2025/06/22
Smith & Wesson Model 19 のメカニズム
Gun Professionals 2014年9月号に掲載
オートピストルの普及でリボルバー人気は過去のものと思っていたが、最近復活の兆しを見せている。コンシールドキャリーウエポン(CCW)のライセンスが多くの州で許可されているからだ。携帯する上において、装弾数の多さにこだわらないのであれば、小型リボルバーにはいくつかのメリットがある。
リボルバーと言えば6発シリンダーと相場が決まっていたのだが、これを5発とし、さらにシリンダーから贅肉を落としたものが出てきた。また最近では、マテリアルの選択の域が広がり、リボルバーでもポリマー採用はめずらしくなくなりつつある。これにより、これまで考えられなかった軽量化が実現し、.357マグナムで500g以下というのも登場している。5発でよければリボルバーはCCW向きだ。もっとも大きなメリットは、使う弾の威力の強弱、ブレットの形状に関係なくトリガーを引けば弾が確実に出ることだ。オートならフィーディングトラブルが起こった場合を想定し、引っ掛かったケース(薬莢)を素早く排除する技術などをトレーニングする必要がある。リボルバーならそんな心配はない。
編集部からS&W Kフレーム、モデル19コンバットマグナム(.357マグナム)のメカ解説のリクエストが来た。モデル19はポリマーフレームや、CHLに適合する小型シリンダーを搭載した最先端モデルではなく、従来型のクラシックモデルだが、今回の主題にはモデル19でなくてはならないのだそうだ。
幸いなことに、S&Wリボルバーは右側面のサイドプレートを外せばメカがほぼ丸見えなのでカッタウェイする必要がない。
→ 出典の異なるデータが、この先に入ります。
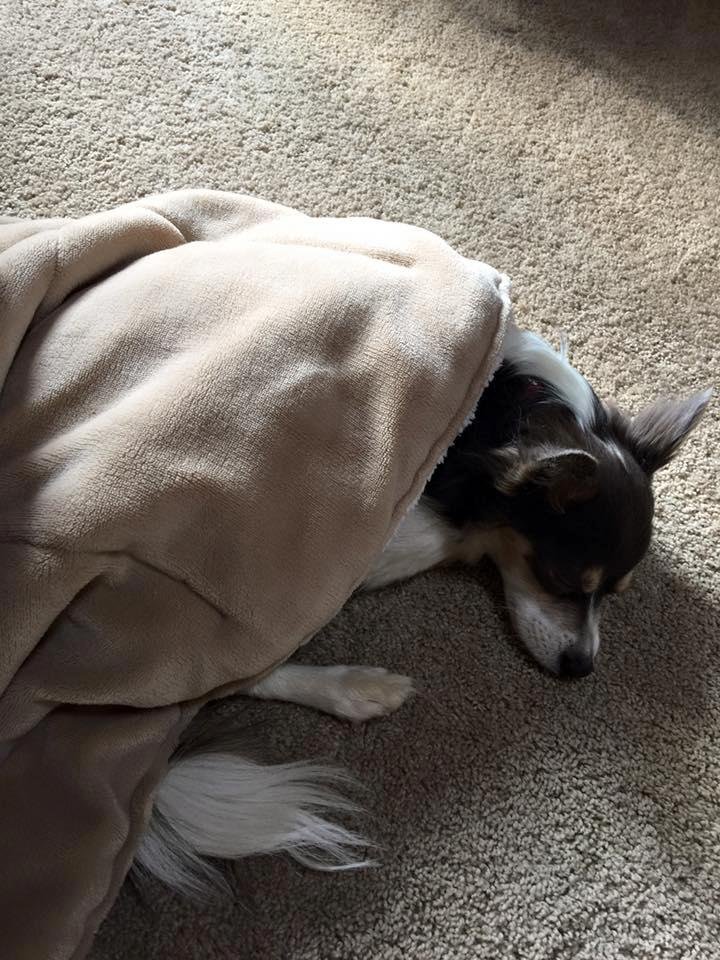 He is all comfy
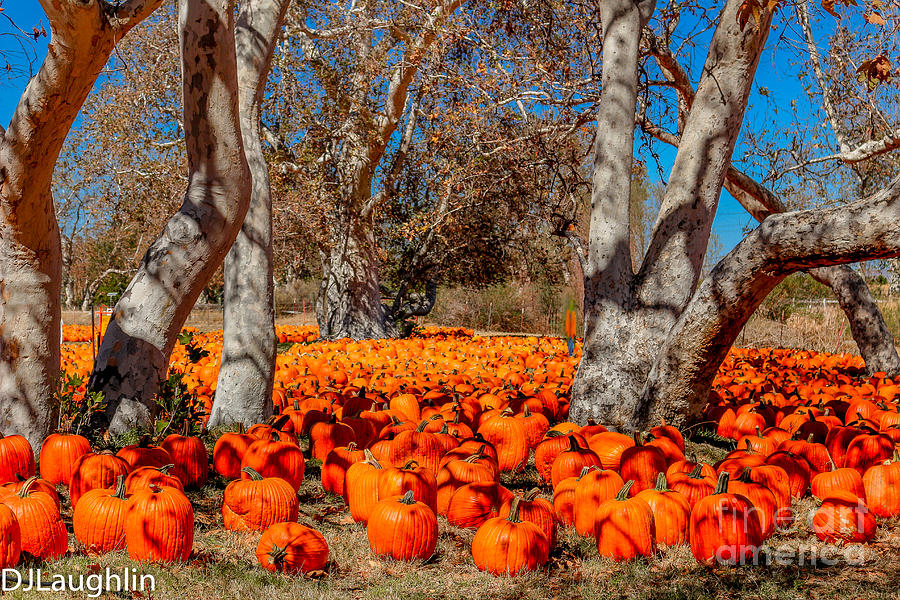 Pumpkin Patch Photograph by DJ Laughlin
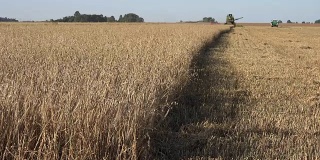 成熟的燕麦穗在风中摆动，模糊的农机在农田里工作。FullHD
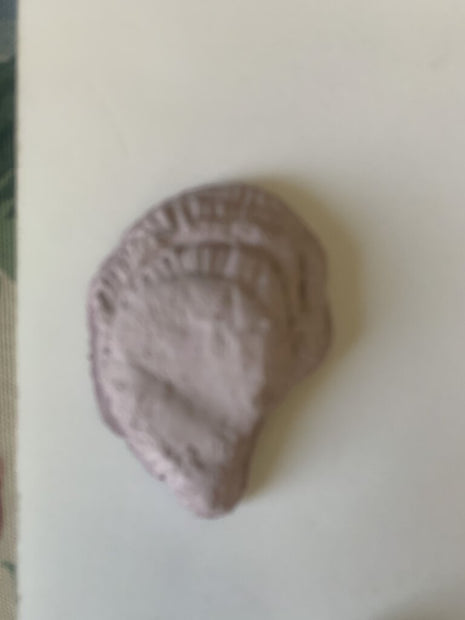 Oyster Magnet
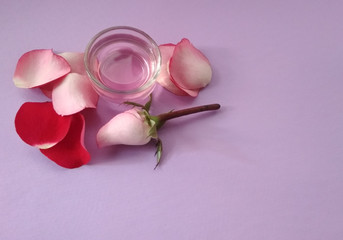 Rose  water, essential oil , with  pink flower and  petals on lilac ,purple background, spa and aromatherapy cosmetic concept, copy space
サムピース(ボルトと連動している)をマズル方向に押し、シリンダーをシューターから見て左にオープンする。シリンダーが閉じられている時、シリンダー内のエキストラクターの中央から突き出したプランジャー形状のセンターピン先端がボルトを押しながらフレームのホールに入っている。シリンダーをフレームに保持するのはセンターピンだけとなる。DAリボルバーは元々それだけだったのだがその後、エキストラクターロッドの先端をバレルのチャネル(溝)部で保持するプランジャー/スプリングのロッキングボルトが追加された。しかしこれはあくまでも支えの役目しかない。




ハンマーはトリガーによりコッキングポジションでホールドされる。SAによるコッキングはDA時より4~5mm後方にコッキングされた位置となる。その結果、SAではプライマーが発火したがダブルアクション(DA)では不発ということがあり得る。プライマー一つにしてもメーカー製すべてが統一されているわけではなく、微妙な差があるからだ。ハンマー打撃力はグリップ下部に備えられたストレーン・スクリューで調整できる。ファクトリー出荷時の調整で不発という話は聞いたことがない。ユーザーがDAのプルを軽くしようとハンマースプリングに調整を加えたとき起こるので注意が必要だ。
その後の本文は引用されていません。